To get out of this pain, debtors will sometimes just ignore court orders, under the rationale that the Court ultimately can't get them to pay more than they have anyway, and so there will be no real punishment except the outside risk of incarceration.

Whether or not a debtor can get away with this in a given case, the one thing that is certain is that an attorney cannot assist the debtor in that conduct. Pretty much anytime an attorney receives any sizeable money into their trust account with the idea that it will never arrive at Creditor Central, you can get ready to read about it in the Disciplinary Actions section of the monthly Bar Journal.
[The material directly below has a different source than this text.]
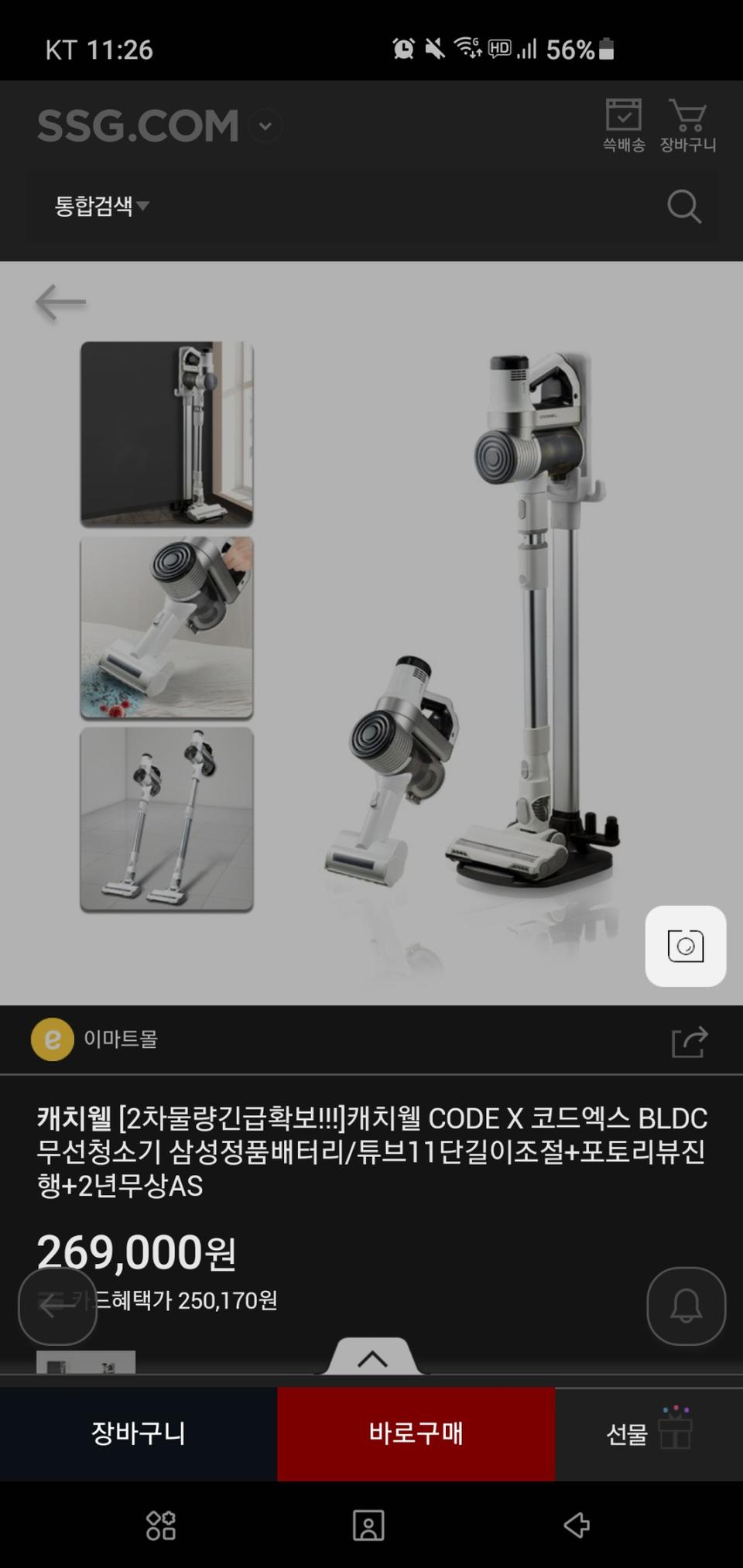 CODE X 무선청소기 침구청소기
Here, Attorney Benson did exactly that -- let his trust account be used as a sidetrack to avoid creditors, and then himself was talked into violating a clear Court Order -- and then twice lying to the Court about the true status of the funds -- to assist his clients in paying their other creditors. Of course, that the clients were probably telling Attorney Benson that he could take his attorney's fees out of the moneys was a substantial inducement, since Attorney Benson was simply another creditor and himself behind the Attachment Order in priority.
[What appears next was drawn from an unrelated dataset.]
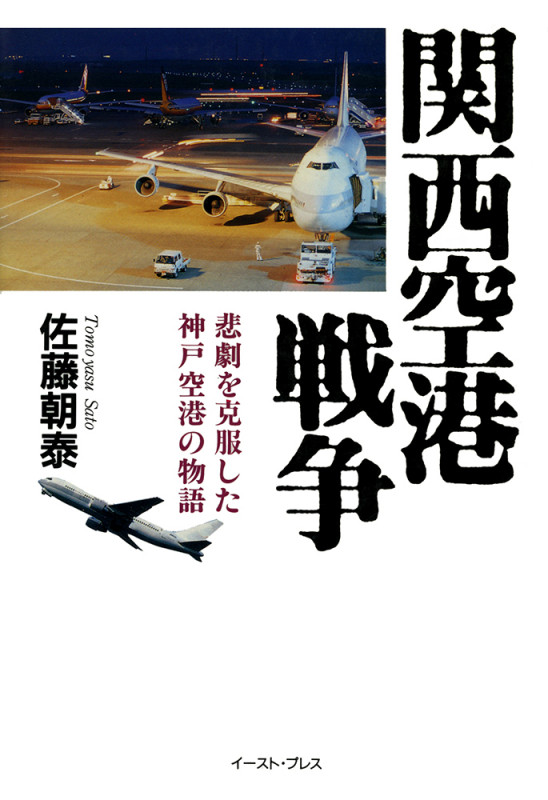関西空港戦争 悲劇を克服した神戸空港の物語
It is cases like these that make debtor's counsel want either the bulk of their fees up-front and in cash, or else be assured of some method of payment, so that the attorney doesn't also fall behind the liens of other creditors. Among litigators the saying goes, with a reference to the craps table, "You don't represent defendants on the come," which is to say that having an unpaid bill from somebody in financial distress is usually a bad business decision.

Here, Attorney Benson found himself in this situation, since the Attachment Order placed the Creditor that he was fighting ahead of himself in line for the $75,000. The only way that Attorney Benson could himself get at those moneys to satisfy his fees was to rationalize, quite wrongly, that the Attachment Order was facially invalid and could be safely ignore.

Possibly while sitting around the house watching Springer and Oprah for the next 180 days, it may finally come to Attorney Benson that he was just dead wrong, but I guess we'll find out when he applies for reinstatement.